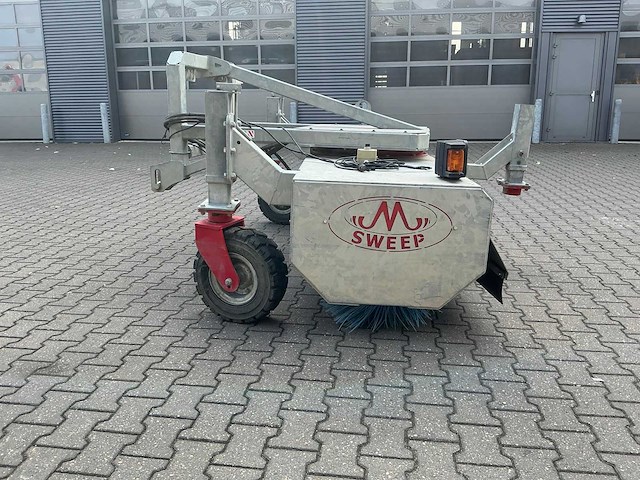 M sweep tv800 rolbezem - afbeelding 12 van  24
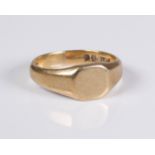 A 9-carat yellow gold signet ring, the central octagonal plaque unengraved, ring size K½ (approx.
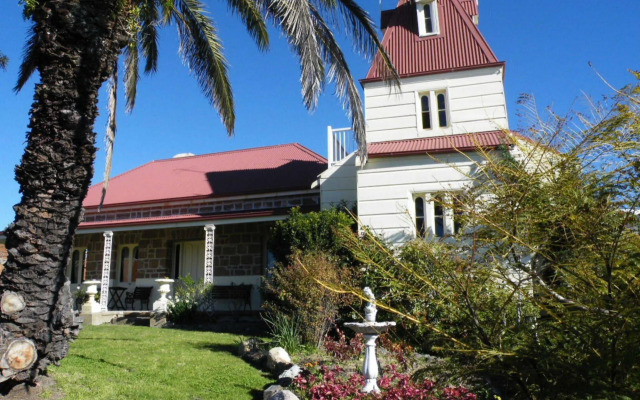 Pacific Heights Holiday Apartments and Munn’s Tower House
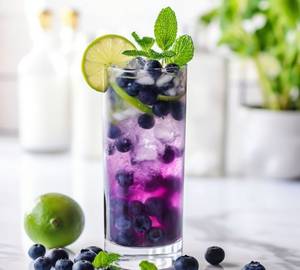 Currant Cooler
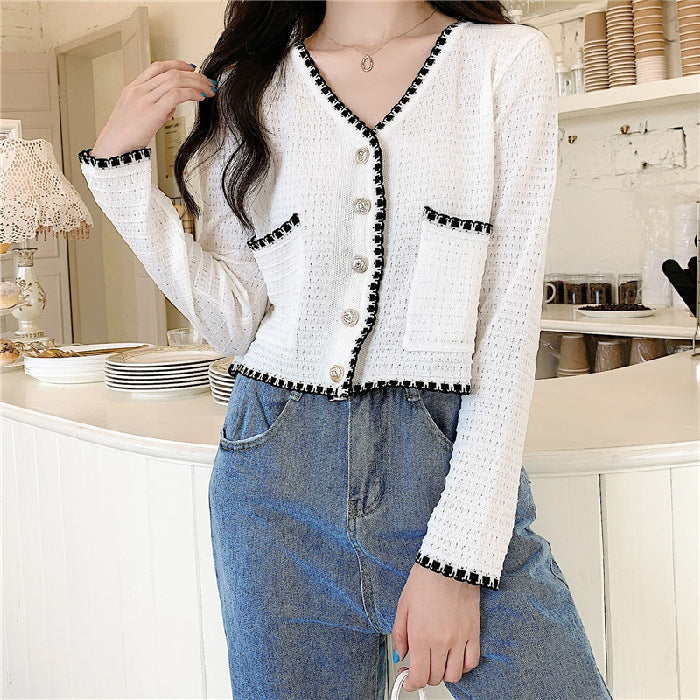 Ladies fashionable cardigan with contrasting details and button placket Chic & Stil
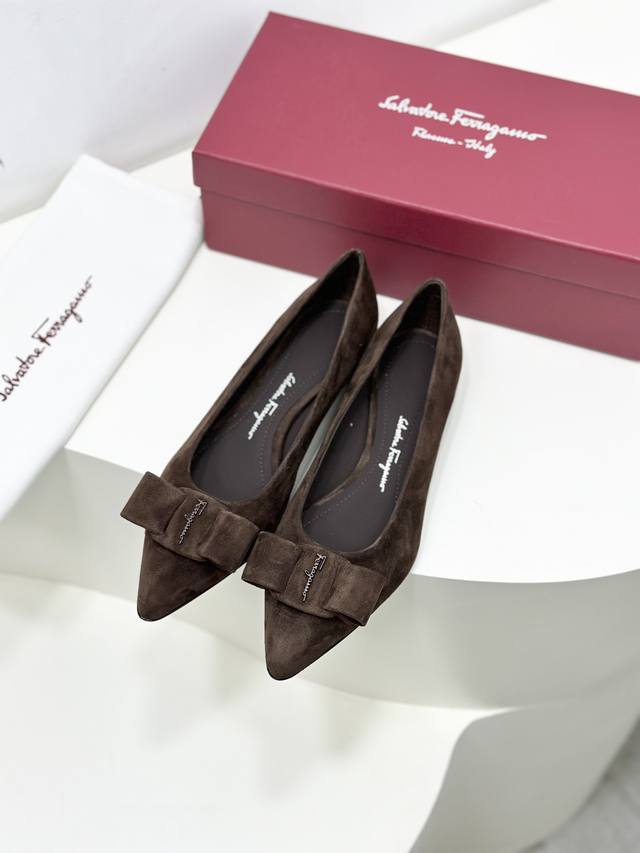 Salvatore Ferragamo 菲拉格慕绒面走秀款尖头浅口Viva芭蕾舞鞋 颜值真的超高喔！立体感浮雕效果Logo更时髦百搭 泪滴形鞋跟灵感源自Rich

AIM OF THE EXERCISE
Although the records contain pictures, the copy should consist of their text alone, reproduced exactly.

EXPECTED ANSWER
 M sweep tv800 rolbezem - afbeelding 12 van  24
 A 9-carat yellow gold signet ring, the central octagonal plaque unengraved, ring size K½ (approx.
 Pacific Heights Holiday Apartments and Munn’s Tower House
 Currant Cooler
 Ladies fashionable cardigan with contrasting details and button placket Chic & Stil
 Salvatore Ferragamo 菲拉格慕绒面走秀款尖头浅口Viva芭蕾舞鞋 颜值真的超高喔！立体感浮雕效果Logo更时髦百搭 泪滴形鞋跟灵感源自Rich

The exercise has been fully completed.